We developed a new experimental model where the abundance and evolution of pairs of E. coli strains was followed in the gut of healthy mice and of mutant mice, which are models for human diseases. By labelling each strain with two fluorescent markers we could identify if evolution follows different modes of natural selection: a directional selection mode, where one fluorescence is lost, or a diversifying selection mode, where both markers are maintained. When colonizing immune-competent mice or severely immune-compromised mice, with the strains of E. coli, in the absence of any other members of the microbiota, we were able to determine how strain co-existence and within-strain evolution are shaped by the adaptive immune system. We found that irrespectively of the mice immune status both strains maintained the fluorescent markers but reached very different abundances. Importantly, the abundance of the dominant strain is significantly higher in the immune compromised mice. The two strains were able to co-exist for thousands of generations and accumulated beneficial mutations in genes coding for different resource preferences. A higher rate of mutation accumulation in immune-compromised vs. immune-competent mice was observed and adaptative mutations specific to immune-competent mice were identified. Importantly, the presence of the adaptive immune system selected for specific mutations that increase stress resistance and the timing of the spread of such mutations correlates with the onset of an antibody response.
The results of the evolution experiments performed in mice with a complex microbiota were very different from those observed when E. coli is the sole colonizer of the gut of healthy mice. In the presence of other species, the less abundant strain E. coli strain loses diversity, whereas the more abundant strain does not. This strongly suggests that the other microbiota members influence the dynamics of evolution of E. coli strains that coexist in the gut. The coexistence of strains is also accompanied by a very rich dynamics of horizontal gene transfer from one strain to the other. In mice devoid of a complex microbiota we found a significant higher rate of phage and plasmid transfer in immune-competent than in immune-compromised mice. In mice with a complex microbiota we found that a remarkable event of horizontal transfer, involving phage transduction, where the genome of one strain could be repaired with genes from the other strain.

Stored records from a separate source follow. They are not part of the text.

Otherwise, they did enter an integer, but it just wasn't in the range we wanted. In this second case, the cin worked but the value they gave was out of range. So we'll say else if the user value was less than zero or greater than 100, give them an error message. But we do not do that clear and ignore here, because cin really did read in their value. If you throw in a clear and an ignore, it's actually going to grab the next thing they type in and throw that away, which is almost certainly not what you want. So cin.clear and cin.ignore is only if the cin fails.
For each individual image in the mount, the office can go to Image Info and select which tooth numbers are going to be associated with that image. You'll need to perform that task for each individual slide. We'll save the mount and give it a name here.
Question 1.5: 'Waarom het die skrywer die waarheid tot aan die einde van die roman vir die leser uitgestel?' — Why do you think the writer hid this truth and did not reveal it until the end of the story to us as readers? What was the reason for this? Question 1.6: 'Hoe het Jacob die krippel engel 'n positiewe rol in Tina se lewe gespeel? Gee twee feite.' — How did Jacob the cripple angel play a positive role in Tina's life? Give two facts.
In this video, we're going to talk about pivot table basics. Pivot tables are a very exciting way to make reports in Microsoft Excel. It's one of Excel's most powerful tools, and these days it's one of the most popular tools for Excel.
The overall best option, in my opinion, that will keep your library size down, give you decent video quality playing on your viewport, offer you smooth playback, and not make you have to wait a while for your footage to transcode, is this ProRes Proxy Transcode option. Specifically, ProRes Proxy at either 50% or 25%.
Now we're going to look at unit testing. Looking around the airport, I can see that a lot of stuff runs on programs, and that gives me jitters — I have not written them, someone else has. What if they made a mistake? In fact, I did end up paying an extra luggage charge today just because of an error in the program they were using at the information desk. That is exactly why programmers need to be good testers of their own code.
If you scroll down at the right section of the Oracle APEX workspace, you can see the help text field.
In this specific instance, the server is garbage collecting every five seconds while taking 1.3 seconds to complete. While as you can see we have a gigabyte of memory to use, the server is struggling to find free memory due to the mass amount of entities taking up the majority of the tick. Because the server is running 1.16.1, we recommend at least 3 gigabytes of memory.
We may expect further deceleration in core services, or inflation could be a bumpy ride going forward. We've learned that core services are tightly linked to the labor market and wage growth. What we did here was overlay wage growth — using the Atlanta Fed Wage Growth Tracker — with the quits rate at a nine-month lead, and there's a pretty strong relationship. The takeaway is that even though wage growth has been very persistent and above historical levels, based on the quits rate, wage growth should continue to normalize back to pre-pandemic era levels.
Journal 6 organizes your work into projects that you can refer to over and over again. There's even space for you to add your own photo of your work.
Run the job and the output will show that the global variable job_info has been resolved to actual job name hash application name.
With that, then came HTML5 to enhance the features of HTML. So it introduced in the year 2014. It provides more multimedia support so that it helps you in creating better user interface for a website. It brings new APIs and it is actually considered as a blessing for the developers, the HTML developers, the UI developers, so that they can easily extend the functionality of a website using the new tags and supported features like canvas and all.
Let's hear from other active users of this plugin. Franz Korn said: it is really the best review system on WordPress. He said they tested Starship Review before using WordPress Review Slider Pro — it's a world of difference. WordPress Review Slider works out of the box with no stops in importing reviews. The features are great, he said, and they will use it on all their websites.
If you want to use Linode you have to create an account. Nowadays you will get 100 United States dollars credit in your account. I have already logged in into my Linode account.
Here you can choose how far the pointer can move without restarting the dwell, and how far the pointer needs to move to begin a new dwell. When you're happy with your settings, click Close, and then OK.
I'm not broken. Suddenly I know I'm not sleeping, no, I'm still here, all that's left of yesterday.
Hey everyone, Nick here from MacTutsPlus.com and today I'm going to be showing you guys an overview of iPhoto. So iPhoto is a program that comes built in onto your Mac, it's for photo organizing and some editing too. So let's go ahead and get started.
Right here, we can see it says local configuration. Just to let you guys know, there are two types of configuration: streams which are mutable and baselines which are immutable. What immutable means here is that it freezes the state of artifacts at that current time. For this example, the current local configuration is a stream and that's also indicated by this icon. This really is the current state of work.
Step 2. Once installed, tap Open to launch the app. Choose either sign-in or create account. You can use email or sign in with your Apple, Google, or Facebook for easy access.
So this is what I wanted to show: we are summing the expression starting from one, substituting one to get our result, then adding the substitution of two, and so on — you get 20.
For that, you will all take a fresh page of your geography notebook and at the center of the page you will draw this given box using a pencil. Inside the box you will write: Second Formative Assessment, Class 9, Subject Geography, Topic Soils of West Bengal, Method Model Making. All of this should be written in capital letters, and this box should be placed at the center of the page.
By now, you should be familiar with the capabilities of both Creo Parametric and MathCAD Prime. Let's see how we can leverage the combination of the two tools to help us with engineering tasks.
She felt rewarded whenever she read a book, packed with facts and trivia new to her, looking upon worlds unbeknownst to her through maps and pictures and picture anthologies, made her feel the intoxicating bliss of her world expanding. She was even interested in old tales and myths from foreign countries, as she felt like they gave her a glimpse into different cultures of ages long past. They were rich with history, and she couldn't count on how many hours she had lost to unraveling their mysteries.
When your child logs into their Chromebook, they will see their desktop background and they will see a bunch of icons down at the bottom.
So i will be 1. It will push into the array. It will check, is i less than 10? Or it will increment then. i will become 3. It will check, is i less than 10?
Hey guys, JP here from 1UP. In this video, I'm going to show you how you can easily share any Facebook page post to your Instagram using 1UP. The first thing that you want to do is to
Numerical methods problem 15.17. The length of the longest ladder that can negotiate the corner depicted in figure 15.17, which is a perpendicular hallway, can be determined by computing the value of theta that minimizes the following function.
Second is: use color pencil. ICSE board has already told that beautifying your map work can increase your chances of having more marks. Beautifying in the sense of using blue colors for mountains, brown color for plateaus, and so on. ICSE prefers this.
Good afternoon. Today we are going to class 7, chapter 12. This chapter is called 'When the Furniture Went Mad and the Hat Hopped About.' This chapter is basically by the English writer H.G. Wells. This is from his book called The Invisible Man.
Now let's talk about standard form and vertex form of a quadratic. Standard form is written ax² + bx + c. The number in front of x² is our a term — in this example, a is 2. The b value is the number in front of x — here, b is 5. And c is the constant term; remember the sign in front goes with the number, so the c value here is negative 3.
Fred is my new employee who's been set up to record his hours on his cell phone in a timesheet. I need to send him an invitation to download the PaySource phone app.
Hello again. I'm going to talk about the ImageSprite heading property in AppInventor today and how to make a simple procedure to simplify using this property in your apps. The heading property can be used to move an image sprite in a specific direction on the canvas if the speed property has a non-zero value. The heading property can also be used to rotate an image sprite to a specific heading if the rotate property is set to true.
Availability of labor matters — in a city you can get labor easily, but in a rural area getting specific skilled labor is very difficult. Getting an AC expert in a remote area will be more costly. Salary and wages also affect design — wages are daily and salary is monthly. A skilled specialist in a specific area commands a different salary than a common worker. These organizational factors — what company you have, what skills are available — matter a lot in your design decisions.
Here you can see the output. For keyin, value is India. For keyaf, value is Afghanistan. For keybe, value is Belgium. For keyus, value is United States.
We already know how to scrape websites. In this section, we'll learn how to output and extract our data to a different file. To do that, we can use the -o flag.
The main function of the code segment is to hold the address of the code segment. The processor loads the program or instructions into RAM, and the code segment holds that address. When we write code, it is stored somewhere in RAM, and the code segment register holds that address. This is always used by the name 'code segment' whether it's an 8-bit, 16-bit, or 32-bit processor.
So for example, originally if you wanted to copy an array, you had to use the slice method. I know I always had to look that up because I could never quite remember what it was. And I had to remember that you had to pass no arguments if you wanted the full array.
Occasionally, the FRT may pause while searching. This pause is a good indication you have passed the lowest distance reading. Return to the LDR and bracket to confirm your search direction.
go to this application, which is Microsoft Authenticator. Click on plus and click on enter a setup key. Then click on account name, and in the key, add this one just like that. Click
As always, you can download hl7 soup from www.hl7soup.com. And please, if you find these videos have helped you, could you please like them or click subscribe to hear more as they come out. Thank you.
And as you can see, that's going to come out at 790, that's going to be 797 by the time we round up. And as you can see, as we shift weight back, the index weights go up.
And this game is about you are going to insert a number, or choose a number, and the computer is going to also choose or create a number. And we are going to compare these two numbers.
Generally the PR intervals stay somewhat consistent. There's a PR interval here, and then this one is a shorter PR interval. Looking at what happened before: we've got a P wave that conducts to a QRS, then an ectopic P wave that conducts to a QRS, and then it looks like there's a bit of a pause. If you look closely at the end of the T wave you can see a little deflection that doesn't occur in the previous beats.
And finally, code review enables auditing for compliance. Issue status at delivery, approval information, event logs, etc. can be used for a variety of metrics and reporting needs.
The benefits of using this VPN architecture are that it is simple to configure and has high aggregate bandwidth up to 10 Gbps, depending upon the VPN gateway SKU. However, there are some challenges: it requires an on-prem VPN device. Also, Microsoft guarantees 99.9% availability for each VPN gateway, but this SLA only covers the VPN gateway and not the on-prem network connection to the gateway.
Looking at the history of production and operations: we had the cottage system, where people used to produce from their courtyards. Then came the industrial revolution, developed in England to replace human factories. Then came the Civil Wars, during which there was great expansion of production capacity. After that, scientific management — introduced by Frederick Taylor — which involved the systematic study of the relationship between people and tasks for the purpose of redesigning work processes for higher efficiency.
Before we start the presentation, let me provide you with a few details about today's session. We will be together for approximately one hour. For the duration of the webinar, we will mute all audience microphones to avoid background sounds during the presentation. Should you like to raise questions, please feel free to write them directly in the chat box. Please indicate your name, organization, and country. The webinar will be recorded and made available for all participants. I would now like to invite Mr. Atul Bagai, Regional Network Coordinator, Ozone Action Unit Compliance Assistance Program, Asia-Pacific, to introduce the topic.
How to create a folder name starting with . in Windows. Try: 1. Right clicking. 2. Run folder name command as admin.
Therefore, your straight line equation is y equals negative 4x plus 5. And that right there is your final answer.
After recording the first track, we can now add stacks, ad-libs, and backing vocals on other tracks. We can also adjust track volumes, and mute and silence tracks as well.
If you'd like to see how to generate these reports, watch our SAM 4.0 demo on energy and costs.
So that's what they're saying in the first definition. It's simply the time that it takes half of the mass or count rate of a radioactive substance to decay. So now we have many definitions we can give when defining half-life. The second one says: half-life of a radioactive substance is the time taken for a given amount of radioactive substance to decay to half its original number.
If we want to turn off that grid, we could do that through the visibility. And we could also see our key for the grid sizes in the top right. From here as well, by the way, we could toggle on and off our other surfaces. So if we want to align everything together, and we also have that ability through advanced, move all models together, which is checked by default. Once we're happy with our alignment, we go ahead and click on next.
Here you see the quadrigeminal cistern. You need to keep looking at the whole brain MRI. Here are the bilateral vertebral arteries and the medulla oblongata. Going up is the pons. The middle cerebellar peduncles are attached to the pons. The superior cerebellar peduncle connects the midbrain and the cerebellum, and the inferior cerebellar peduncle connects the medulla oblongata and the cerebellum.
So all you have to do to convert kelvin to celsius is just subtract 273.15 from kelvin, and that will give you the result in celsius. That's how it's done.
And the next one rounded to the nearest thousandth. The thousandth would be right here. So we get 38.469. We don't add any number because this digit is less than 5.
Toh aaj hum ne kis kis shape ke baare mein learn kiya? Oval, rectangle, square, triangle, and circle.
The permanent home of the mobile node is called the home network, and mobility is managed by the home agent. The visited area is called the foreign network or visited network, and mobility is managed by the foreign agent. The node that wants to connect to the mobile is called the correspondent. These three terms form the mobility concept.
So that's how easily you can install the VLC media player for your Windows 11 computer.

Our knowledge about how co-existing strains evolve and adapt in the intestines of mammals is very limited. We were able to perform experimental evolution for thousands of generations in vivo, using mice, towards decreasing this knowledge gap. To the best of our knowledge this is the first time that a strain specific effect in the dynamics of E. coli evolution within the same host is shown to be modulated by the microbiota. This result supports the hypothesis that bacteria evolution happing in the gut is likely to entail different modes of selection for different strains of bacteria that colonize the intestines of each one of us. Furthermore, we made two new and impactful discoveries related to the process of horizontal gene transfer in the gut microbiota:
i) we detected a rare but strongly beneficial event of genetic exchange between the coexisting strains. This involved the acquisition of novel DNA by a strain, including the gain of an important gene that the strain had previously lost during laboratory propagation, which was strongly selected for during its adaptation to gut colonization;
ii) we detected, for the first time, of a case of phage piracy in the mammalian intestine. This involved the transfer between strains of a phage that lacks essential genes for its own replication, known as phage satellite. This phage satellite was likely mobilized by another phage, so called a helper phage, to transfer between the bacterial hosts.